Task data -
----------

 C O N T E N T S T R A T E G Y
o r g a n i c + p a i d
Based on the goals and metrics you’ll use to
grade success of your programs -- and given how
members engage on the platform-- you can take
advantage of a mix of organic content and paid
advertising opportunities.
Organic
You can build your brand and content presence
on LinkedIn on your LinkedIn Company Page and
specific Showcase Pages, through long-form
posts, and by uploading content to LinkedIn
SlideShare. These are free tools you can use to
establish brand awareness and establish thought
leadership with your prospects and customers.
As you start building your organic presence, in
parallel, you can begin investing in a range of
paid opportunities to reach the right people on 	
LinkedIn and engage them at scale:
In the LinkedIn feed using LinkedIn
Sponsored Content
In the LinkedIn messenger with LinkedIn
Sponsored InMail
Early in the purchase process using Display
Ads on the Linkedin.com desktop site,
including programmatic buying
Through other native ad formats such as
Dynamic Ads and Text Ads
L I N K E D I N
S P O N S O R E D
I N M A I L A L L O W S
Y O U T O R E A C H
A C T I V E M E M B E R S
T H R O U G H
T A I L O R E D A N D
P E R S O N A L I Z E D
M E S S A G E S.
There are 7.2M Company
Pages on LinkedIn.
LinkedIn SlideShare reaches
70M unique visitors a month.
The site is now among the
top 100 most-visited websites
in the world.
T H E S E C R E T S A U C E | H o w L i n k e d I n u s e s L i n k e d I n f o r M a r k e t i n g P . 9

----------

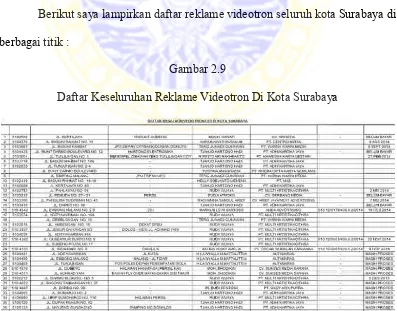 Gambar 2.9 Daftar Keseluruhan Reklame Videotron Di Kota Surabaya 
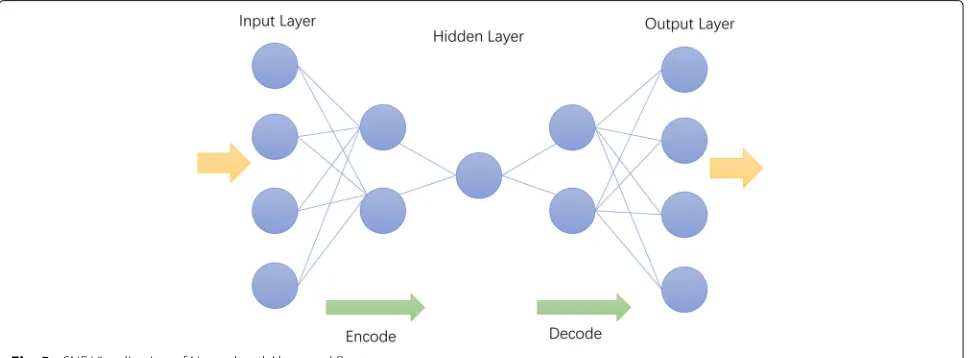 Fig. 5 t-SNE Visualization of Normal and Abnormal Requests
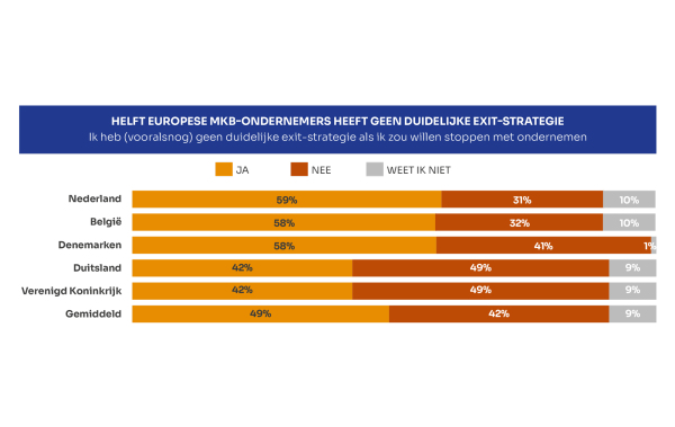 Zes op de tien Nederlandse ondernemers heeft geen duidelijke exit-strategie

----------

Task requirements - Once the line with "in the world." is found in the records above, print exactly that line and every line after it through the line with "T H E S E C".

Response below -
in the world.
T H E S E C R E T S A U C E | H o w L i n k e d I n u s e s L i n k e d I n f o r M a r k e t i n g P . 9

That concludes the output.